### Exercise goal
In the material below, find the line with "Olivia Oval Studs Earring Sterling Forever" and the line with "จุดฉีดวัคซีนม.", then output those two lines and every line between them, exactly.

### Stored data

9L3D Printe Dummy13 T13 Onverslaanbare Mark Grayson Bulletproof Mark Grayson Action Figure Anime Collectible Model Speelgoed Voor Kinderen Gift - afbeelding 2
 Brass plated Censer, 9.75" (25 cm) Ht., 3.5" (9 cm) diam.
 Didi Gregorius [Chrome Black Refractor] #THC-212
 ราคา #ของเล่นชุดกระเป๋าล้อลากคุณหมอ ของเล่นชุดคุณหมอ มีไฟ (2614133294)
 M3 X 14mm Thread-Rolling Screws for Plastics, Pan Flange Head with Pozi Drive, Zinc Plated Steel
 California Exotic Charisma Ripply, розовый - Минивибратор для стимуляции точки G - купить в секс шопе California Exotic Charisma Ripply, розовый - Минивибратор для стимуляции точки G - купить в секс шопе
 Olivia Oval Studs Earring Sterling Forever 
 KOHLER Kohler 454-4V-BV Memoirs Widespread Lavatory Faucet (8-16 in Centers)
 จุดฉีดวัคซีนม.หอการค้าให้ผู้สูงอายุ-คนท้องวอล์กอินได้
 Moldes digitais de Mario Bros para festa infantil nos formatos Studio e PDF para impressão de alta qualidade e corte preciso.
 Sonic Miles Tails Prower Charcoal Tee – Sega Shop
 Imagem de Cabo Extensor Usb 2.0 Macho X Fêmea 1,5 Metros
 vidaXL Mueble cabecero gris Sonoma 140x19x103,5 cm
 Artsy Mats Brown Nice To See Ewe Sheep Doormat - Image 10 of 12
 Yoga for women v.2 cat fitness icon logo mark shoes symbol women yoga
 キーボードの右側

### Reply to the task
 Olivia Oval Studs Earring Sterling Forever 
 KOHLER Kohler 454-4V-BV Memoirs Widespread Lavatory Faucet (8-16 in Centers)
 จุดฉีดวัคซีนม.หอการค้าให้ผู้สูงอายุ-คนท้องวอล์กอินได้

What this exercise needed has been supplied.